### Directions for this task:
The entries below contain pictures. Write out only the lines from the line with "MJUKA.（ミューカ）の「" up to and including the line with "Pantai Karang Bolong", exactly, without them.

### Source material:
------------------------------------------------------------

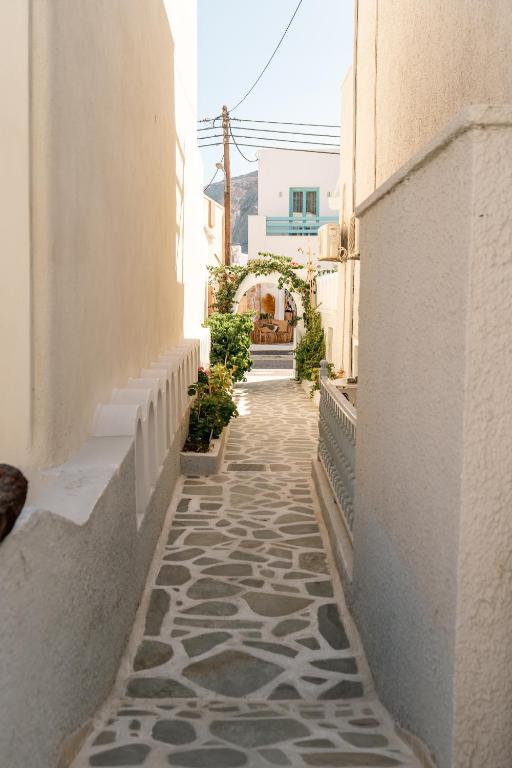 Dilino — Attractions in the area in Kamari, South Aegean
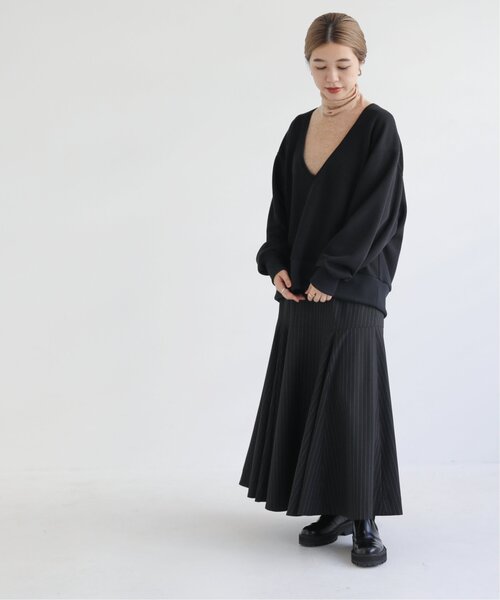 MJUKA.（ミューカ）の「深Vプルオーバー（Tシャツ/カットソー・レディース・ブラック/ベージュ・FREE）」の7枚目の写真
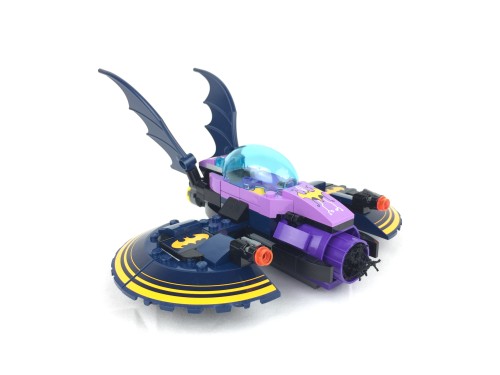 41230-batgirl-batjet-chase-9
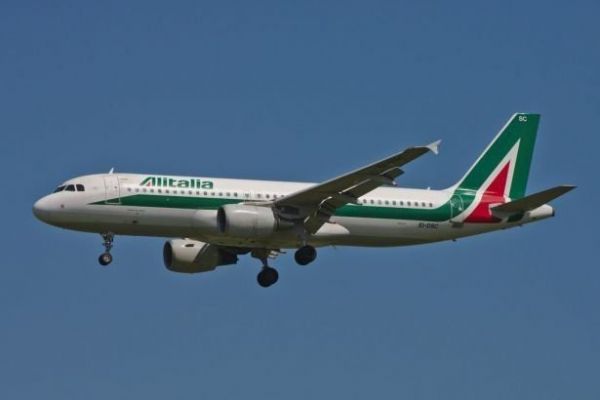 EU Says Alitalia Brand Must Go In Airline's Revamp
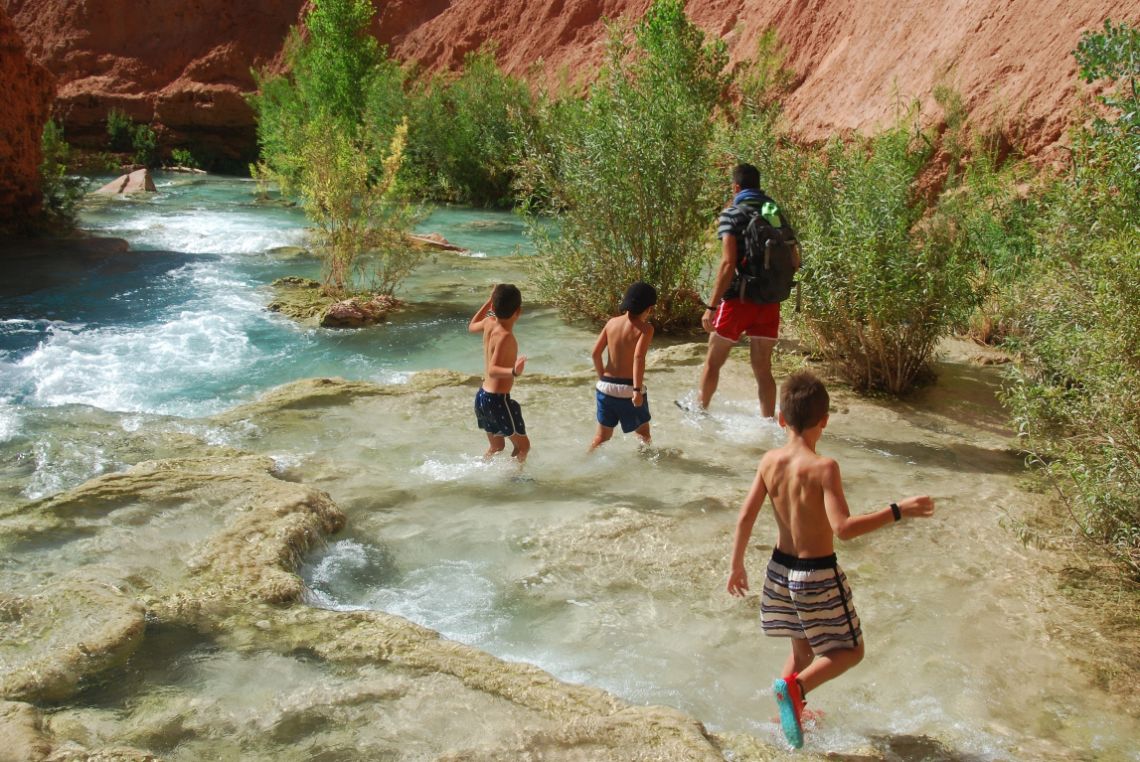 Havasupai Falls - Parte final del hike a las cascadas Hidden Falls. Están situadas en la reserva india de los Havasupai en el Gran Cañón, Arizona.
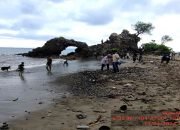 Pantai Karang Bolong Tanggamus, Jadi Destinasi Favorit Libur Idulfitri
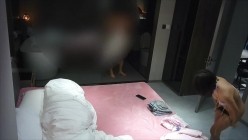 渣男探花 -爆操日本留学生享受跪式服务为国争光，最后受不了了 截图1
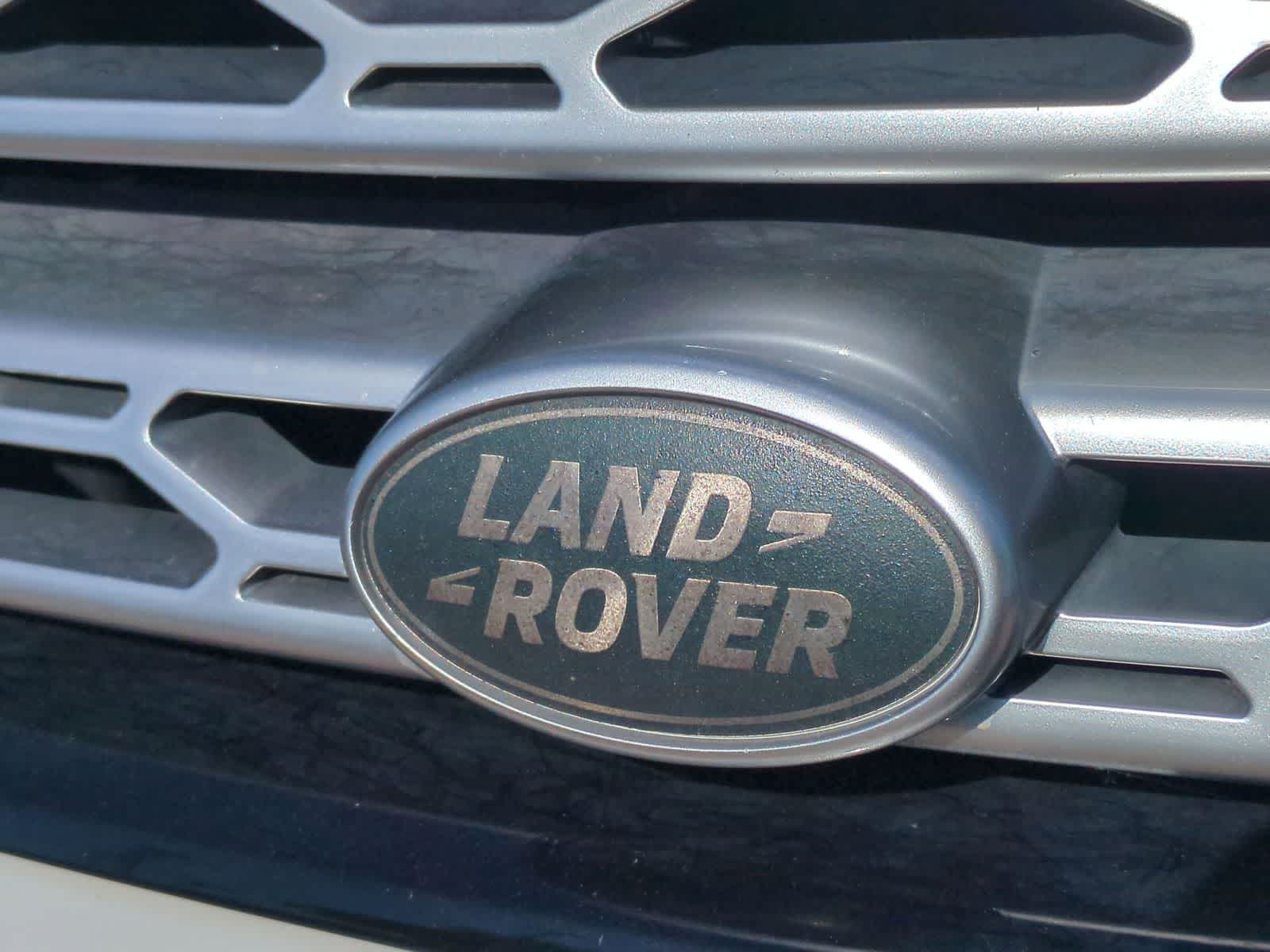 Thumbnail: 2018 Land Rover Discovery - 12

------------------------------------------------------------

### Answer to this task:
 MJUKA.（ミューカ）の「深Vプルオーバー（Tシャツ/カットソー・レディース・ブラック/ベージュ・FREE）」の7枚目の写真
 41230-batgirl-batjet-chase-9
 EU Says Alitalia Brand Must Go In Airline's Revamp
 Havasupai Falls - Parte final del hike a las cascadas Hidden Falls. Están situadas en la reserva india de los Havasupai en el Gran Cañón, Arizona.
 Pantai Karang Bolong Tanggamus, Jadi Destinasi Favorit Libur Idulfitri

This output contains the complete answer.